The President of Malta

Diskors mill-Eċċellenza Tiegħu George Vella, President ta’ Malta, waqt il-kommemorazzjoni tat-traġedja tal-bastiment HMS Glorious. (Diskors bl-Ingliż)

Mr Saviour Azzopardi, Chairman of the GRALAC Association,

Distinguished guests,

I am pleased to join you in this solemn commemoration of the tragic loss of hundreds of lives of Maltese and British men, who drowned off the coast of Norway, during World War II.

The naval tragedy of the aircraft carrier HMS Glorious, has rightfully gained a place in our collective memory, and is nowadays closely linked to the crucial role that Malta and its people played during the war.

These commemorations are highly significant occasions as through them, we pay homage to those who paid the ultimate sacrifice, and we convey to them our respect in the presence of their relatives and loved ones.
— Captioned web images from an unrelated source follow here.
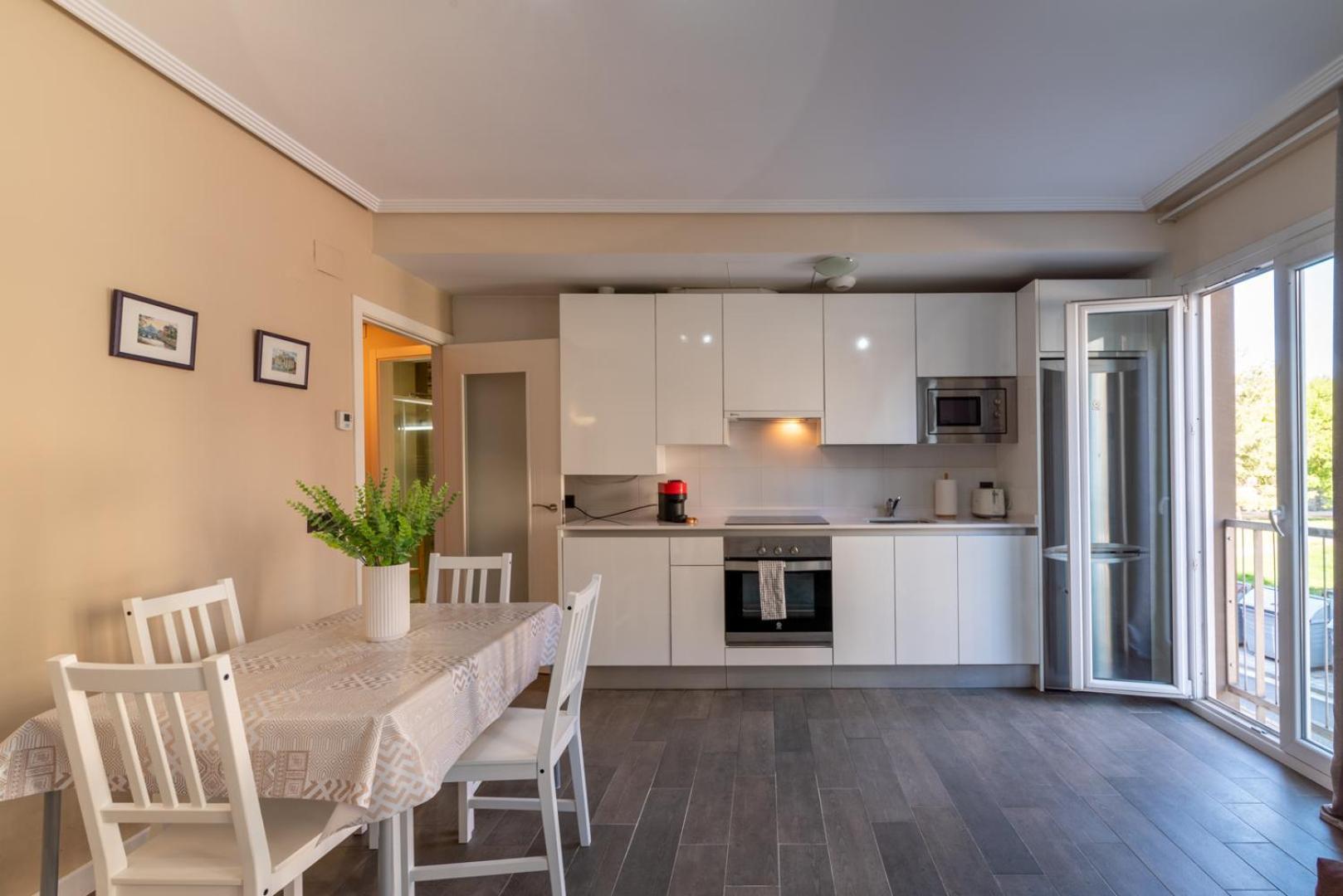 Forum Evolucion Residence Burgo Екстериор снимка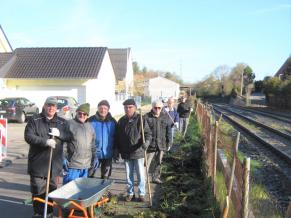 Entfernung des Wildwuches am Zaun der Bahnlinie soll den Abfluss des Regenwassers verbessern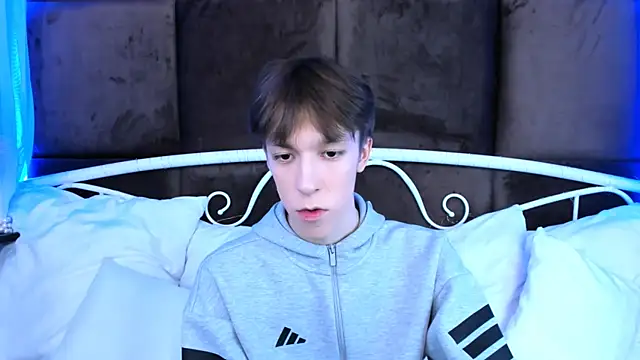 MarkBranston online show from 11-15-25, 02:46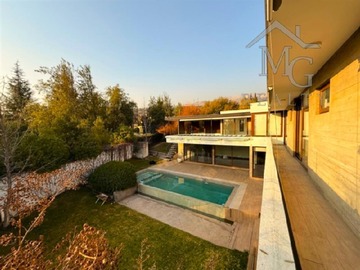 Casa en arriendo mensual en Piedra Roja, Colina - 5 dormitorios, 3 baños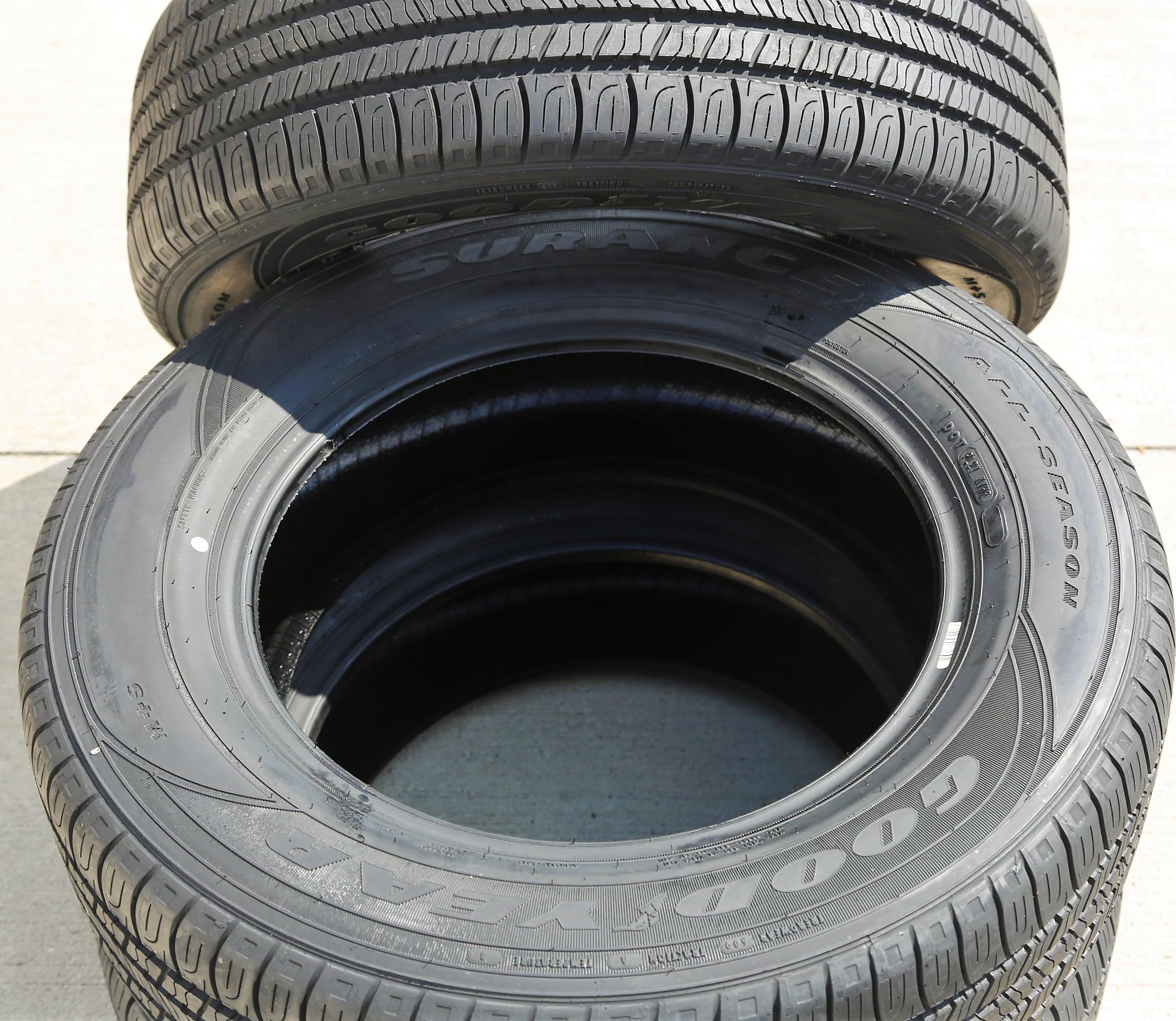 Goodyear Assurance All-Season Radial - 205/55R16 91H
Those who lost their lives on HMS Glorious in the early days of World War II were sadly to be joined by so many others who laid down their lives during the months and years that followed, so that today, we can enjoy liberty, democracy and freedom from authoritarianism, fascism and nazism.

Theirs was the ultimate sacrifice.

Their families and friends still bear the scars of having had to live with their memories, and to move on with their lives.

The least that society could do to thank these unsung heroes is to remember them as we are doing today.

Our only hope is that they have all found solace in God’s mercy and are enjoying eternal rest in peace.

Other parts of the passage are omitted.